We'd been discussing returning to the UK for a while and had already decided on Bristol as probably the best place for us. So, when we left Australia sooner than we had anticipated, the decision on where to go was easy.

Why Bristol? It's an old place, having received a royal charter in 1155. It's on the west coast. In the past, we have already lived in London and the South/South East, so, wanted to be in another part of the country. Bristol is ideally located to explore the West country and more of the North. A rich maritime heritage and a location on the mighty Bristol Channel appealed (second highest tides in the world, after the Bay of Fundy), as did its long history with architecture to match. It's a university town, small (only about 465,000), has an international airport and a rail station from which you can get to anywhere in the country.
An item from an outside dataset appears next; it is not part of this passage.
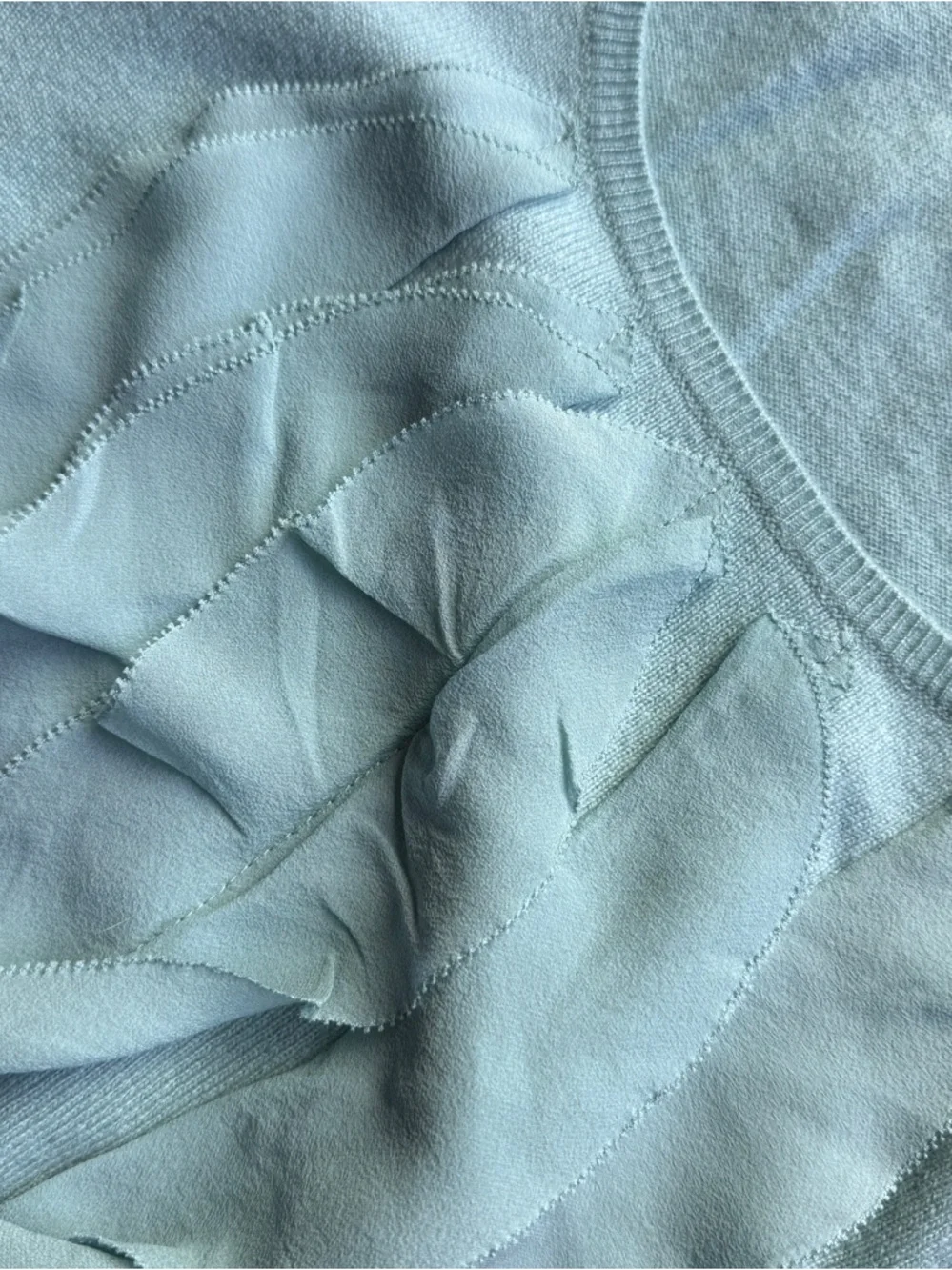 Ann Taylor Light Aqua Cashmere Sweater Ruffled Chest_3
When we later learned that the Sunday Times had rated it the 'best place to live in Britain' for 2014 and 2017, we felt we'd made the right decision. Bristol also won the EU's European Green Capital Award in 2015, the first UK city to do so.

On the downside, with a population growth of over 10% in the last three years and a large student population, it has a very tight rental market and prices are only next to London in their heights. As usual, we applied logic to the process and quickly found a suitable rental, we move in next week. We would have liked a period property, but, most were unfurnished and/or needed work. We needed furnished and fast so took a new build. No one has lived in it, so, it will be all new and we can just move right in. We can walk everywhere from there, including to Bristol Temple Mead railway station, no car required, hooray!
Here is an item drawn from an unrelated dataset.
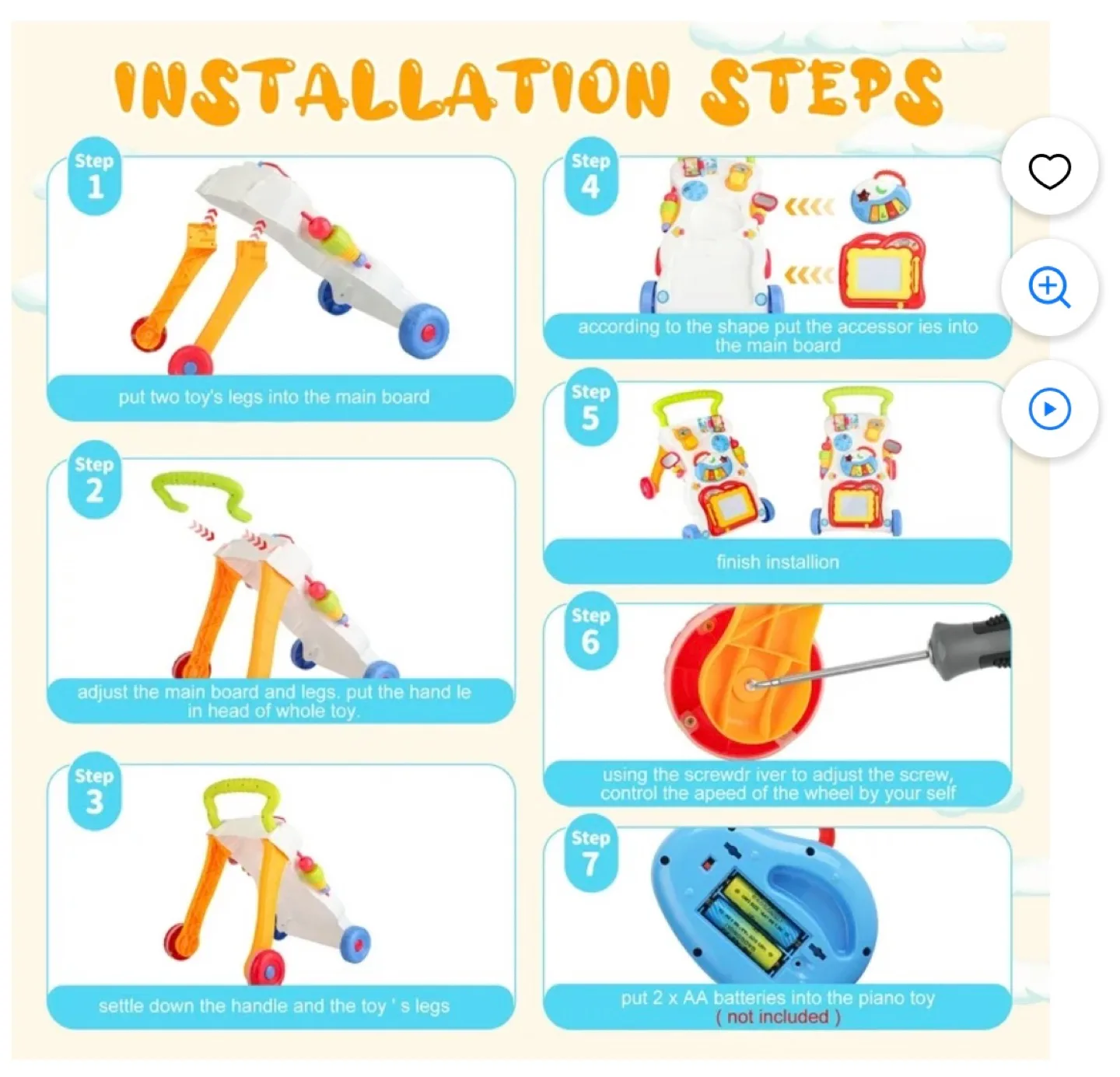 *Brand New*3 in 1 Baby Walker with Music Lights image indicator(2)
Walking around The Floating Harbour (located on a stretch of the tidal River Avon its depth is lock-protected) is a delight. Its banks are lined with historic ships.
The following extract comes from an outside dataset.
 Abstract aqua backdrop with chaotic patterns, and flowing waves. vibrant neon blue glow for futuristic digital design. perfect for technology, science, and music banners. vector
One of the boats with a Canadian connection is a replica of 'The Matthew', the boat John Cabot sailed to Newfoundland in 1497.

Other interesting sights are a steam crane and a row of historic, moving gantries, used to load/unload ships.

There'll be a lot more posts on Bristol in the months to come. There's a wealth of things to see and do here and in the surrounding area. Bristol is just 106 miles west of London, 77 miles south-southwest of Birmingham, 26 miles east of the Welsh Capital Cardiff and 60 miles east-southeast of Swansea. Interestingly, it's a city and also a county, positioned between North Somerset and Gloucestershire.